Earlier today, friends and family gathered to remember Corey Capers, a 31-year-old resident of Baruch Houses who was fatally stabbed early Saturday morning. They stood, some weeping, at a memorial full of loving messages set up paces away from where his body was found with a knife wound in the chest, under scaffolding on East Fifth Street, between Avenues C and D.
“I remember him always being a strong person, a laughing person,” said Jonathan Winston, the victim’s brother. “I’m really hurt, but at the end of the day, my little brother, he was a soldier. He went out like a soldier. He went out like a man, and I’m proud of him and I will always be proud of him.”
“I am too,” said Denise Alexander, the victim’s older sister. “You’re my hero, Corey Capers.”

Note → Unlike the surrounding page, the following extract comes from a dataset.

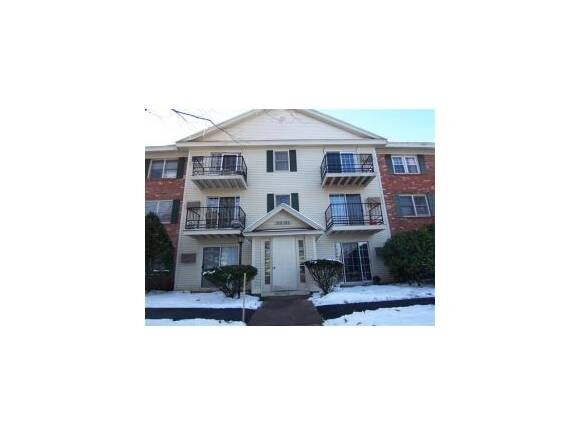 Property Photo:  1 Oak Hill Lane U102  NH 03062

Ms. Alexander said she would remember “my brother being greedy, my brother getting on my nerves, my brother just being my baby brother – my last one. He was just my heart. That’s it, that’s my only brother,” she said. “And it’s just sad that you have a young man that’s trying to protect someone and now his life is wronged for no reason.”
Family members said Mr. Capers was stabbed while breaking up an altercation between Carl Knox and his girlfriend. Mr. Knox is now wanted for homicide. A message on a poster at the memorial read, “You died doing what you do best, taking care of family.”
The son of Yvonne Capers and Alan James Henry, Mr. Capers left behind a fiance and a young son, Jahmir Capers. A Facebook memorial page created earlier today remembers Black, as he was known to some, as “a great friend, father, and family [member].”
In the early afternoon, Mr. Capers’ 25-year-old nephew, known as Freezy, sat next to the sidewalk memorial’s candles and cardboard triptych as he remembered his uncle. “He was a good dude, had a kind heart,” he said. “Him jumping into somebody else’s battle, that was just him. He always wanted to be Superman.”
Freezy said he saw his uncle for the final time last week. “He asked me where I was going, what I was doing,” he recalled. “He told me to stay out of trouble.”
He added, “He was one of the guys in the hood that, if you needed help, he was there to help. He always kept everybody smiling. He was just a clown.”
A service for Mr. Capers will be held next Monday at R. G. Ortiz Funeral Home, on First Avenue near Second Street, from 3 p.m. to 9 p.m.
Ms. Alexander had a message for the alleged killer of her brother. “Mr. Knox, I just ask the lord to have mercy on you,” she said, “because if you get across me I’m just sorry, you better hope the Lord serves you right.”